Il nucleo originario della Scicli medievale occupava lo sperone occidentale del colle di S. Matteo: un'area di forma triangolare con vertice ad Ovest e base individuata ad Est dal Castelluccio e dal suo ideale prolungamento verso Nord fino alla chiesa di S. Lucia. I lati di questo triangolo erano costituiti dalle pendici del colle delimitate dai torrenti di S. Maria la Nova a Nord e S. Bartolomeo a Sud.
Sull'acropoli dominavano la chiesa di S. Matteo e le due fortificazioni: il Castellaccio ed il Castelluccio e se la chiesa Madre è stata ricoperta dalle ricostruzioni settecentesche, le due costruzioni militari ci sono pervenute nella condizione originaria. Il Castellaccio sovrastava la chiesa Madre e sorgeva sul mammellone calcareo che domina la confluenza delle tre valli. La tipologia dell'edificio sembra riprendere quella tipica del donjon normanno [XI-XII secolo): una torre a pianta quadrangolare, di m 1 0,50x1 0,50, conservata a tutt'oggi per m 5,50 in altezza, davanti alla quale doveva trovarsi una ulteriore zona recintata. Il cosiddetto Castelluccio lungo m 70 e largo m 20, aveva il compito di sbarrare l'accesso alla città nel punto più vulnerabile. Oggi il complesso si presenta costituito da un corpo centrale che si prolunga mediante aggiunte sia verso Nord-Est che verso Sud-Ovest.

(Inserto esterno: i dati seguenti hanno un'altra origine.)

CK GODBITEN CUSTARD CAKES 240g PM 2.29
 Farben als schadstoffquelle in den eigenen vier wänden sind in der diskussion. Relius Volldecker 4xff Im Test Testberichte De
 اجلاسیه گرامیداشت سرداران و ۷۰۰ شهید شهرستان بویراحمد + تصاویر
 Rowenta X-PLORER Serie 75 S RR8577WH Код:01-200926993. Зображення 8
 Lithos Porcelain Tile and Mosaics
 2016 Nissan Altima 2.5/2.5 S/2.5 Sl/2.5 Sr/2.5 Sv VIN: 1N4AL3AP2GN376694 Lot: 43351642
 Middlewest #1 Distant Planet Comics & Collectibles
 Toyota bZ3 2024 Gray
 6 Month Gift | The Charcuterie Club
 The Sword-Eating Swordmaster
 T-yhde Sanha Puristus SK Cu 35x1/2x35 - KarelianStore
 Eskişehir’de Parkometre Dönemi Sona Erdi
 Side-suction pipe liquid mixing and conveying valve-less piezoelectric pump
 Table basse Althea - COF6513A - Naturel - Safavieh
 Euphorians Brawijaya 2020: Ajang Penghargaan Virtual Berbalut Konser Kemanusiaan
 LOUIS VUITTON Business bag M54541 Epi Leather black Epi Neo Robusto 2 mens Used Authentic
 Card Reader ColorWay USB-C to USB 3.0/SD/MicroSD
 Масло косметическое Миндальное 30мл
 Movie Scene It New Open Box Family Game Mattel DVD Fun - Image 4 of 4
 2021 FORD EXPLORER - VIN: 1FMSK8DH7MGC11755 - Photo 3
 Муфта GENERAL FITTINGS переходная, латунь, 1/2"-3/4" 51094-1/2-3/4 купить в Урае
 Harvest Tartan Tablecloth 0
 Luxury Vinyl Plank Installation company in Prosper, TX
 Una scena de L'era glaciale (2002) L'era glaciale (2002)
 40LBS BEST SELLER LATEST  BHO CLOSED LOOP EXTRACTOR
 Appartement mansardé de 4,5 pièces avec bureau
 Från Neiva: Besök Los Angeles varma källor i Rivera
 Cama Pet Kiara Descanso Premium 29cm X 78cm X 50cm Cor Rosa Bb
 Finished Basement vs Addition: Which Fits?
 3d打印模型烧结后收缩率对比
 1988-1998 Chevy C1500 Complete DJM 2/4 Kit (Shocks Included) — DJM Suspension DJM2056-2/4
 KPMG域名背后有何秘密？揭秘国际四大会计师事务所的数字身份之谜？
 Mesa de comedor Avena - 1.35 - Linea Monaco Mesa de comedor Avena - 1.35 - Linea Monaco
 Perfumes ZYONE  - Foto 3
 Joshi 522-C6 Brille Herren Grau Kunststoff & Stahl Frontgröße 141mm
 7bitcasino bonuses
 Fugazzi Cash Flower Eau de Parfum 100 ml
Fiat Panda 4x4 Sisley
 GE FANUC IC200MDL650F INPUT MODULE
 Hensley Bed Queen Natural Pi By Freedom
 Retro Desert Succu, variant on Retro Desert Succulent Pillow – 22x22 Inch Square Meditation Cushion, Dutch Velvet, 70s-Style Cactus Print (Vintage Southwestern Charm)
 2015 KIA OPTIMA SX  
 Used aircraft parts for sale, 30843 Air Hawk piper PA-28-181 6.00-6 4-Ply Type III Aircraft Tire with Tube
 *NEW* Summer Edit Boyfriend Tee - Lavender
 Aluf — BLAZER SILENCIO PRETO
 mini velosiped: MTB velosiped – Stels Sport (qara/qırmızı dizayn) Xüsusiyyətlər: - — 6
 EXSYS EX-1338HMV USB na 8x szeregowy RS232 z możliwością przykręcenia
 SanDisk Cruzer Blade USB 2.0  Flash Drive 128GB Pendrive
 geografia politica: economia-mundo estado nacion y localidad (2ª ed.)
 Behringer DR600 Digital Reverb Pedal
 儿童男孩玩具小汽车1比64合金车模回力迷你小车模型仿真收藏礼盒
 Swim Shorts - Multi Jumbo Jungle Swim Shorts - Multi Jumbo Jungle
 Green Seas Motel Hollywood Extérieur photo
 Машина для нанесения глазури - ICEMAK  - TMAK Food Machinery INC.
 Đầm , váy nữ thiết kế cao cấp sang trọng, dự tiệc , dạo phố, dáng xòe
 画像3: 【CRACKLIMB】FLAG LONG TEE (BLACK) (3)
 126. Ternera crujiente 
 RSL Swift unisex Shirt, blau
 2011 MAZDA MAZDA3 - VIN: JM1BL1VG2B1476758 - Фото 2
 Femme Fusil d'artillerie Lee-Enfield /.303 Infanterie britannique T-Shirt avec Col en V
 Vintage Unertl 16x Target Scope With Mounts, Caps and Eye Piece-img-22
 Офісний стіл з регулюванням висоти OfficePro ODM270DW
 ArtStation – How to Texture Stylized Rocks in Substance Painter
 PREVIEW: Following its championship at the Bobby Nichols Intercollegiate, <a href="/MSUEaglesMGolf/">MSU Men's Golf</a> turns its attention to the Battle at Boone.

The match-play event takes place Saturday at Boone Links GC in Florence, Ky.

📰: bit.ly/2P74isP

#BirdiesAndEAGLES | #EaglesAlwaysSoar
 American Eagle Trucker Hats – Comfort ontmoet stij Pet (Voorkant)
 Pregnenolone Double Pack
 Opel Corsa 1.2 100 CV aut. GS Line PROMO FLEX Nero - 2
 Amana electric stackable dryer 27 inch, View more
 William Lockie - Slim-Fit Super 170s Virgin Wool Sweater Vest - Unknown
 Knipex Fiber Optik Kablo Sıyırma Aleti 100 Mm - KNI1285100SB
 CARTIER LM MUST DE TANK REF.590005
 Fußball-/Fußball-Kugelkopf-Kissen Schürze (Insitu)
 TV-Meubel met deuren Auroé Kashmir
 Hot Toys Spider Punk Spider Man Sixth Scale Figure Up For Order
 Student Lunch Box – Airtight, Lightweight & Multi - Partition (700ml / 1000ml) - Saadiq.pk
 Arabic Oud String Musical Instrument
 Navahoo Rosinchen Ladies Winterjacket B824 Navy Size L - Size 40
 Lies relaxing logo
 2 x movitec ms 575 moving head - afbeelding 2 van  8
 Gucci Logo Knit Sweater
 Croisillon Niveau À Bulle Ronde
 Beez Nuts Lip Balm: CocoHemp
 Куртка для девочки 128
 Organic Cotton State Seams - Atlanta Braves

L'estremità meridionale del Castelluccio, si collegava con un ingresso monumentale del quale rimangono ancora i basamenti; la "Porta di Siracusa" ricordata dalle fonti moderne. Le origini del Castelluccio, sembrano collocarsi verso l'VIII secolo d.C. ma l'edificio subì una serie di rifacimenti e ingrandimenti che ne modificarono la pianta, allargandola progressivamente. Le attestazioni sicure si hanno solo con la metà del XIII secolo, quando gli "Sicli... castra" vengono citati in una lettera di Papa Alessandro del 1252.

Nello stesso periodo l'allargamento verso ovest dello spiazzo provoca la distruzione di un vano di abitazione. Il Castrum magnum e il Castrum parvum sono citati in un atto notarile del 1346 e il castelluzo/castellucium in un documento del 1542. Nell'edificio dovevano risiedere i militari della Sergenzia di Scicli, e si trovavano le carceri come attestato da diversi documenti. L'ultima menzione è del 1621, quando il "mastro" Antonino Cassar di Malta è incaricato di restaurare la torre triangolare. Il terremoto del 1693 segna il definitivo abbandono della costruzione. Dal punto di vista archeologico, E. Canzonieri ha identificato 8 fasi costruttive corrispondenti a quattro momenti fondamentali.


Un primo momento di età bizantina [VIII-IX secolo) con fortificazioni nel solo settore settentrionale, un secondo momento di età normanna [XII secolo] con la occupazione del settore centrale e la costruzione della torre triangolare, un terzo momento attribuibile alla anarchia baronale del '300 con la costruzione degli annessi meridionali [secolo XIV), infine la creazione di un complesso unitario "castello/porta di Siracusa" e i restauri della fine del XVI e l'inizio del XVII secolo.